6-Axis ultraprecision positioning mechanism design and positioning control

Abstract

Recently, the positioning accuracy level employed for some of precision products has reached the level of sub-micron. Optical devices, precision machine tools, and semiconductor manufacturing machines are the typical examples. For instance, one of the core technologies of step and repeat lithography systems, such as optical reduction projection aligners and electron beam exposure systems, is in their ultra precision wafer positioning. In this thesis, a 6-axis piezo-driven flexure pivoted micro-motion stage is developed as an aligner for step and repeat lithography systems. This study also presents a computer-based method that automatically generates equations of motion for flexure hinge mechanisms and solves them numerically to predict static and dynamic characteristics of the hinge mechanisms. This modeling method is general, easy to use, and helpful to optimize the stage design and to control the position and orientation of the stage with a high precision and high speed. In addition, various types of manufacturing imperfection arising during the machining for the hinge mechanism are presented and also motion errors caused by them are quantitatively predicted using the proposed modeling method.
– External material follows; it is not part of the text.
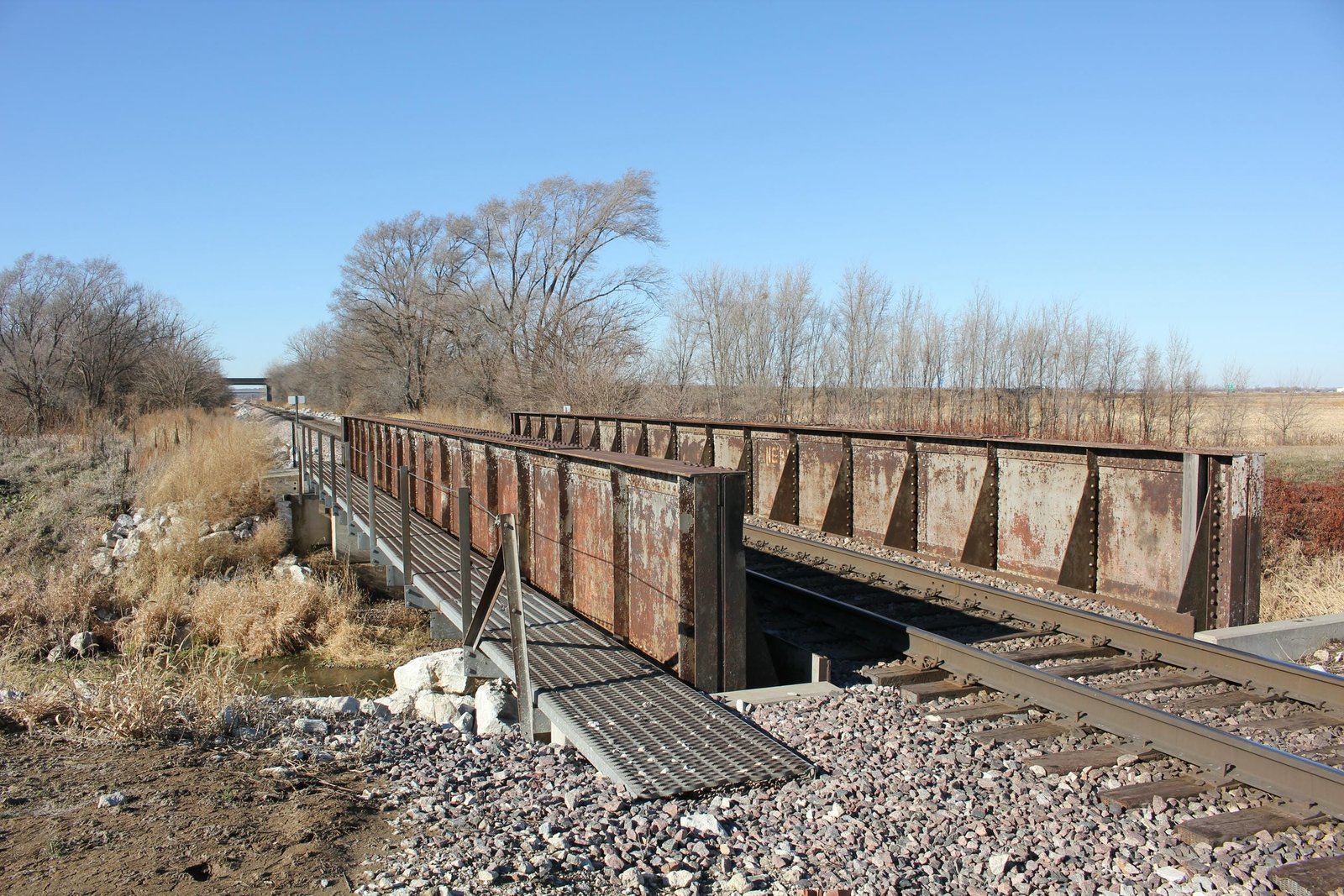 Looking west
The design and analysis of a 6-axis stage using the proposed computer-based modeling method are presented including an optimal design procedure for a XYθ stage with a large yaw ($θ_z$) motion. It is also presented that the performance of the flexure hinge mechanism is heavily influenced by the selection of design parameters such as hinge thickness, hinge radius, hinge width, lever length ratio, etc. In particular, a mathematical formulation of the optimization problem is described and solved using a sequential quadratic programming(SQP) method. The performance prediction of the designed XYθ stage is verified via experiments. Actual experiments demonstrate that the simulated model can predict a desired motion with a deviation of less than 5% from the experimental results...